[Opening Data for processing section]

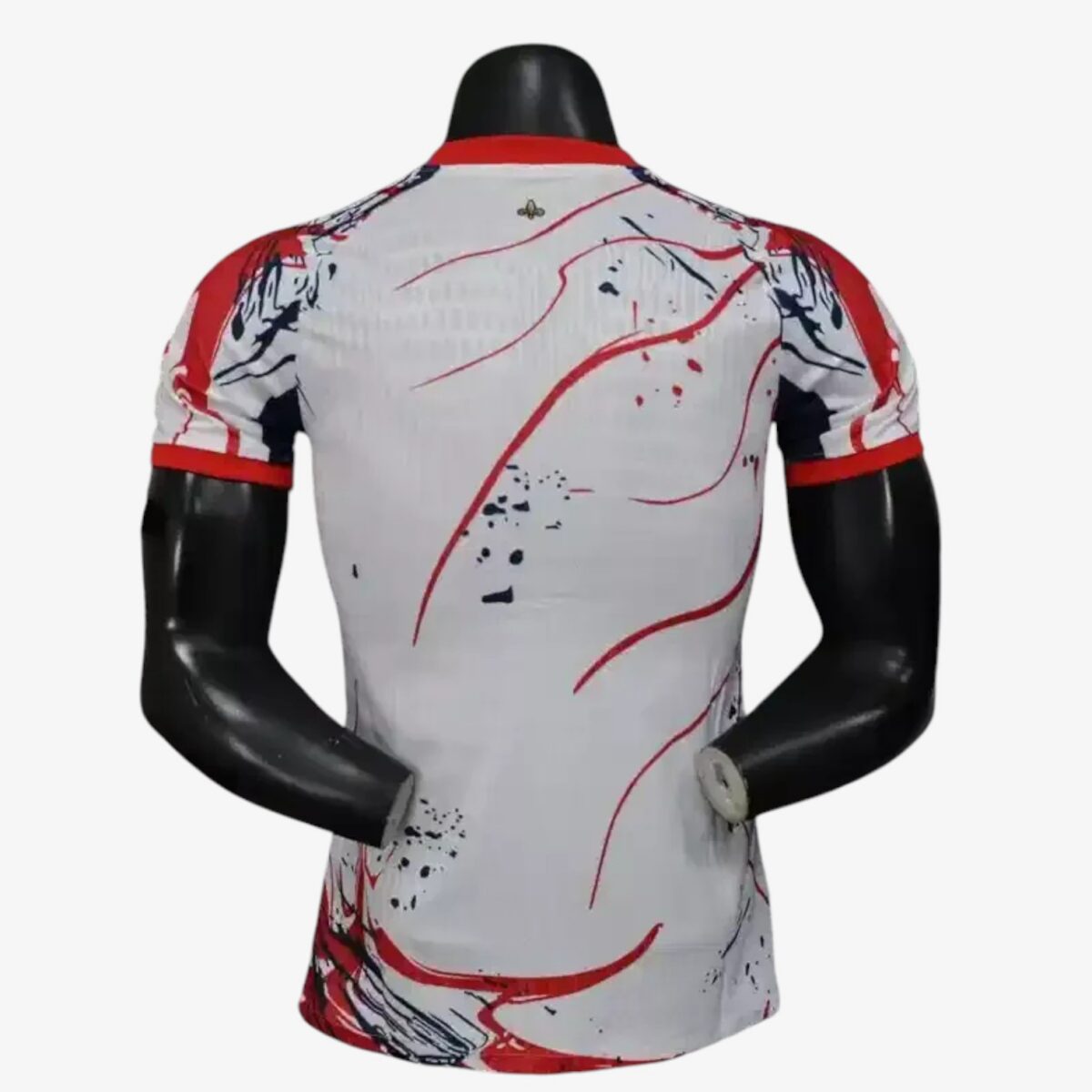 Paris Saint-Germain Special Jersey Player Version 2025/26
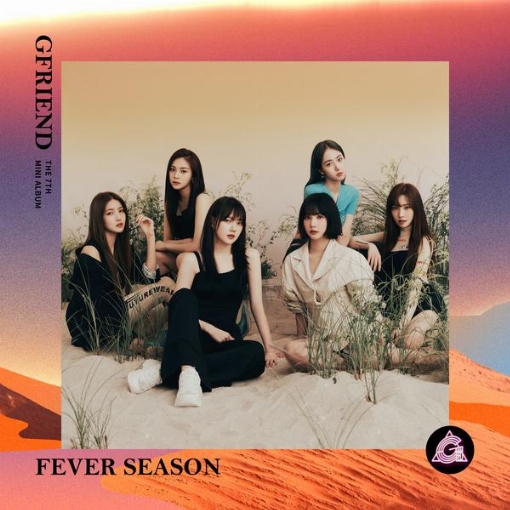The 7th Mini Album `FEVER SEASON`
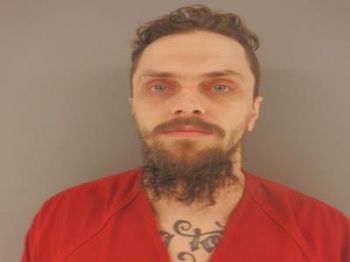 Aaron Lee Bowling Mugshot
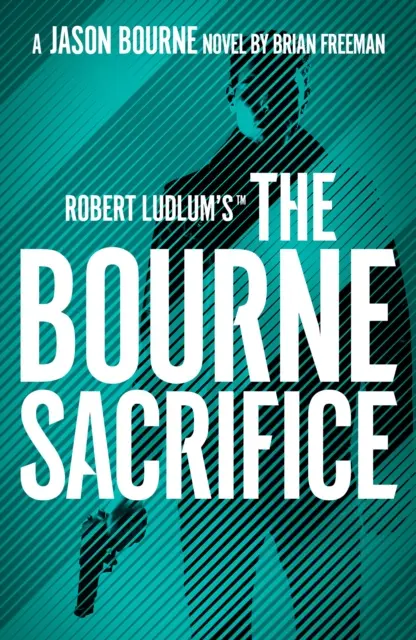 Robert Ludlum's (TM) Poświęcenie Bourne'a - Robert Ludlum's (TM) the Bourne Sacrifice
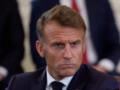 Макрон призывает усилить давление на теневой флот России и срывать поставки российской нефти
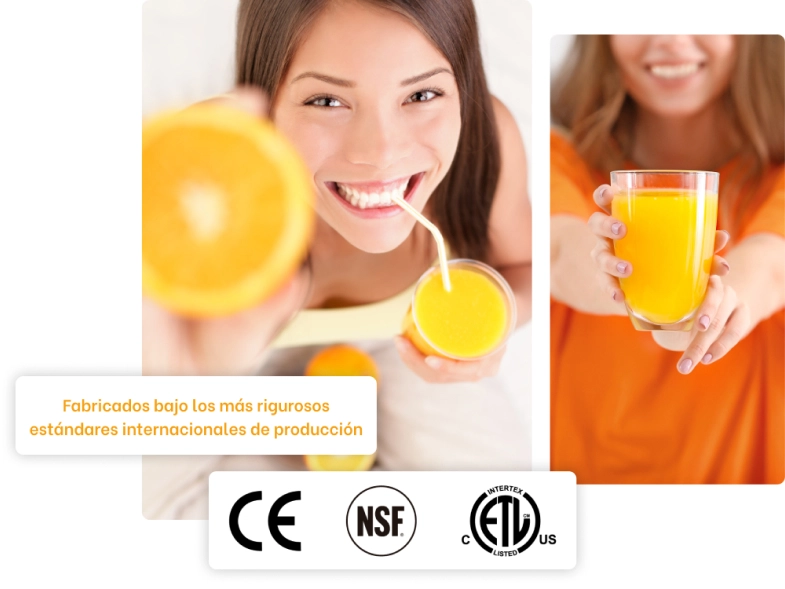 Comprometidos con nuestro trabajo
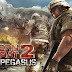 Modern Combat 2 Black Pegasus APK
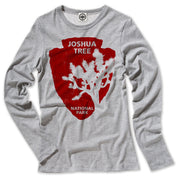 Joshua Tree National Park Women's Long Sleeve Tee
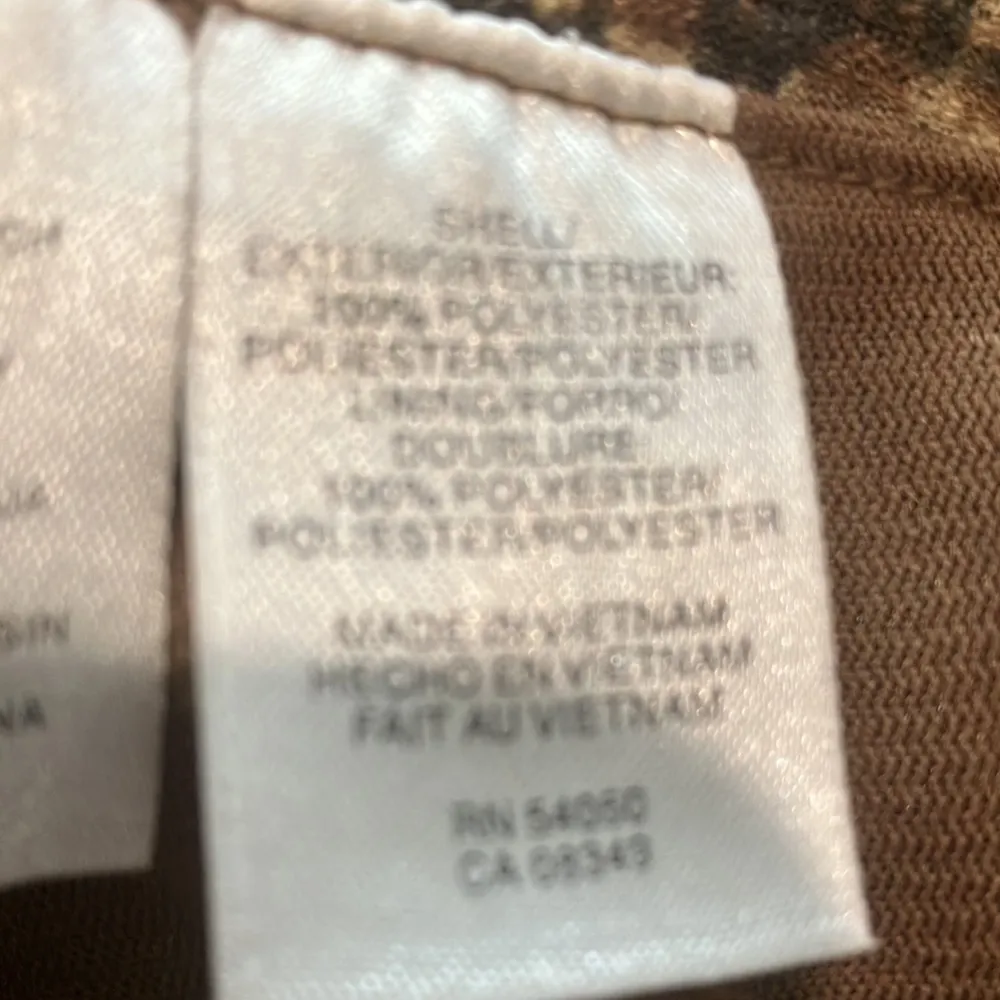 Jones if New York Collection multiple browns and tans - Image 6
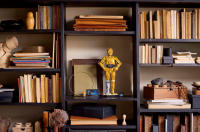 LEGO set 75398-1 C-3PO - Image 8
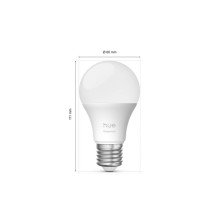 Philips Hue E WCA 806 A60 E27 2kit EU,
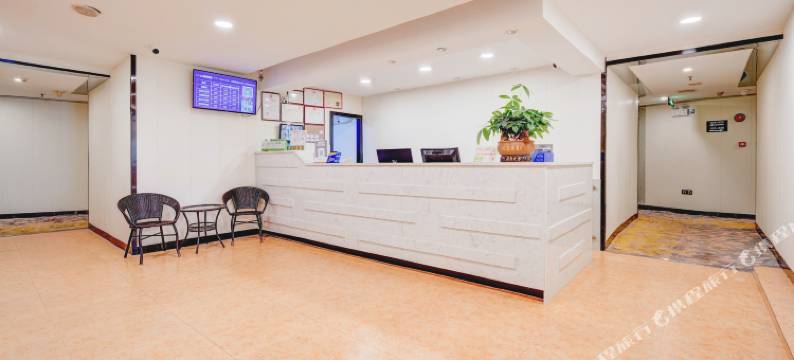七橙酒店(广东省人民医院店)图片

[Closing Data for processing section]

All the lines above are to be reproduced exactly, except the pictures.

§ Answer space:
 Paris Saint-Germain Special Jersey Player Version 2025/26
The 7th Mini Album `FEVER SEASON`
 Aaron Lee Bowling Mugshot
 Robert Ludlum's (TM) Poświęcenie Bourne'a - Robert Ludlum's (TM) the Bourne Sacrifice
 Макрон призывает усилить давление на теневой флот России и срывать поставки российской нефти
 Comprometidos con nuestro trabajo
 Modern Combat 2 Black Pegasus APK
 Joshua Tree National Park Women's Long Sleeve Tee
 Jones if New York Collection multiple browns and tans - Image 6
 LEGO set 75398-1 C-3PO - Image 8
 Philips Hue E WCA 806 A60 E27 2kit EU,
七橙酒店(广东省人民医院店)图片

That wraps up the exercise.